• Your instructions
Wherever the string "will" appears in the entries below, return the line that holds it.

• Material provided
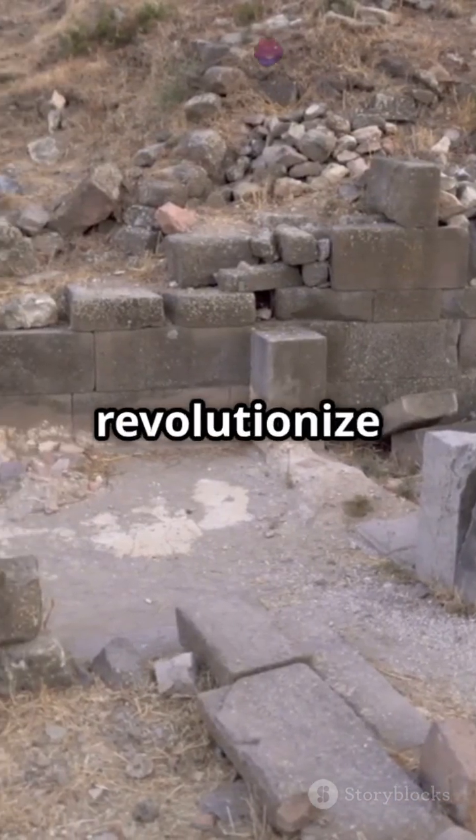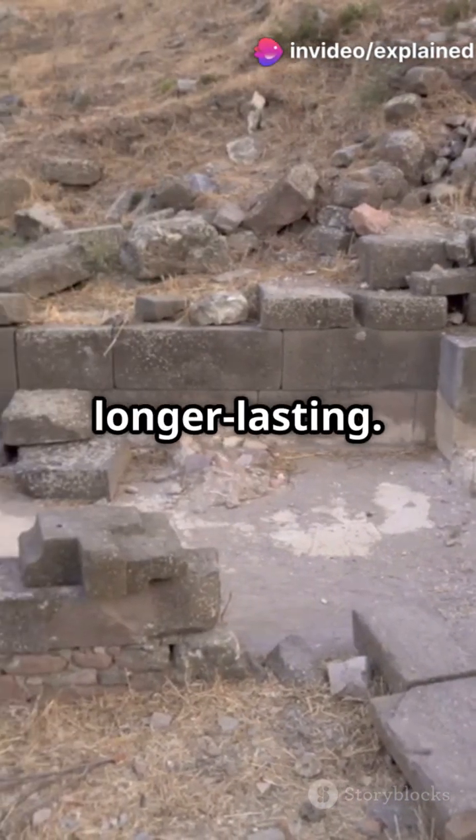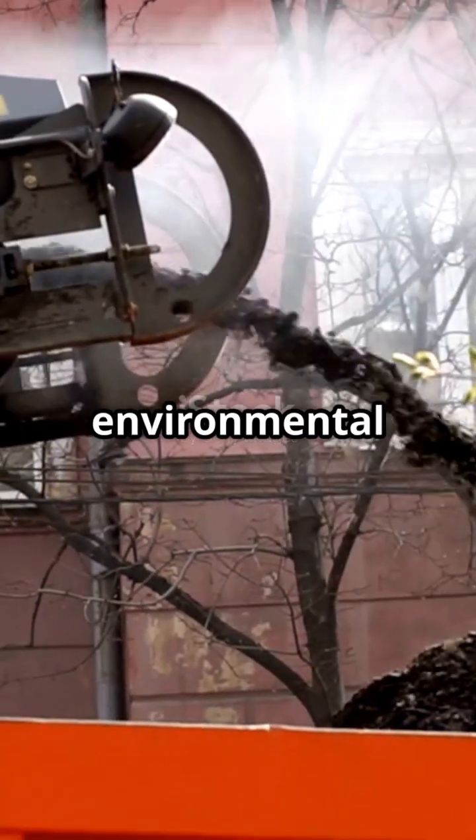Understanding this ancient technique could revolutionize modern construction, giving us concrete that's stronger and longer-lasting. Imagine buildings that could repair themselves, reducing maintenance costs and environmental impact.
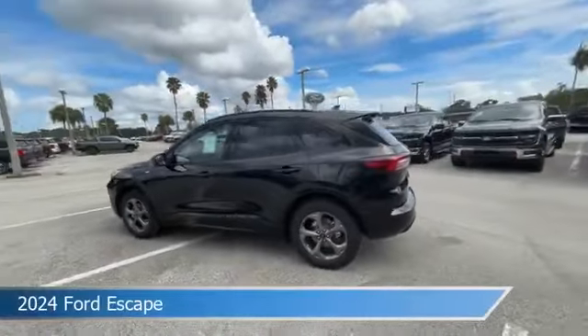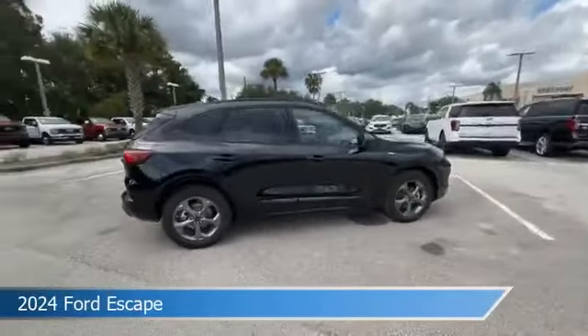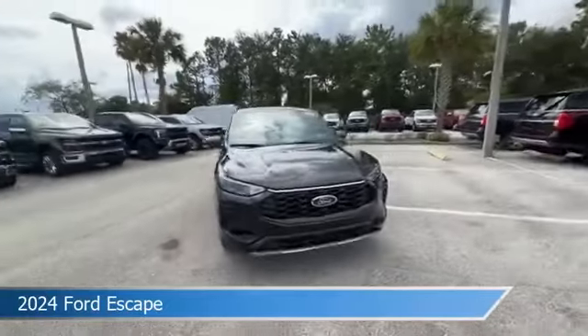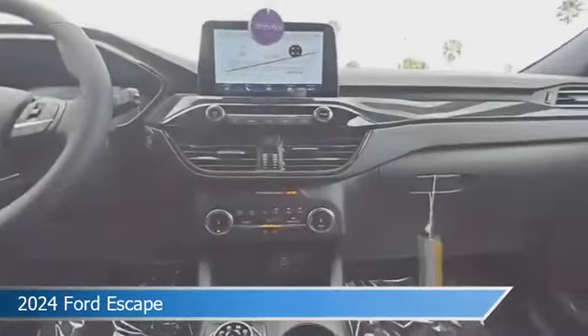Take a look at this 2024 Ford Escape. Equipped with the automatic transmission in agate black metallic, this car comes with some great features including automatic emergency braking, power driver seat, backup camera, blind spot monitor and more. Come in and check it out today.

...

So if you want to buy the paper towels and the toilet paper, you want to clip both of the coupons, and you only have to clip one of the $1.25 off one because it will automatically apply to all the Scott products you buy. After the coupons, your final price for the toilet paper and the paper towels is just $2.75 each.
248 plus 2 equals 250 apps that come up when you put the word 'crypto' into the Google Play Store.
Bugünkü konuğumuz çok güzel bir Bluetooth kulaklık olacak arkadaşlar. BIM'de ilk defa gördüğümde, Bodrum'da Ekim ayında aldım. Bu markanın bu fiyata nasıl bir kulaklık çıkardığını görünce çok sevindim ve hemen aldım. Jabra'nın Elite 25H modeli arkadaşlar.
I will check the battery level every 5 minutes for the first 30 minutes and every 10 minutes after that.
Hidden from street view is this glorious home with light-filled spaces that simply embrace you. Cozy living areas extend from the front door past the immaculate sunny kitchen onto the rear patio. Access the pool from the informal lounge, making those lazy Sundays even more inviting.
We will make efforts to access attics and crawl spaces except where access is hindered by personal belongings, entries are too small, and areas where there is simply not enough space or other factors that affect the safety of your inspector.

• Completed task
So if you want to buy the paper towels and the toilet paper, you want to clip both of the coupons, and you only have to clip one of the $1.25 off one because it will automatically apply to all the Scott products you buy. After the coupons, your final price for the toilet paper and the paper towels is just $2.75 each.
I will check the battery level every 5 minutes for the first 30 minutes and every 10 minutes after that.
We will make efforts to access attics and crawl spaces except where access is hindered by personal belongings, entries are too small, and areas where there is simply not enough space or other factors that affect the safety of your inspector.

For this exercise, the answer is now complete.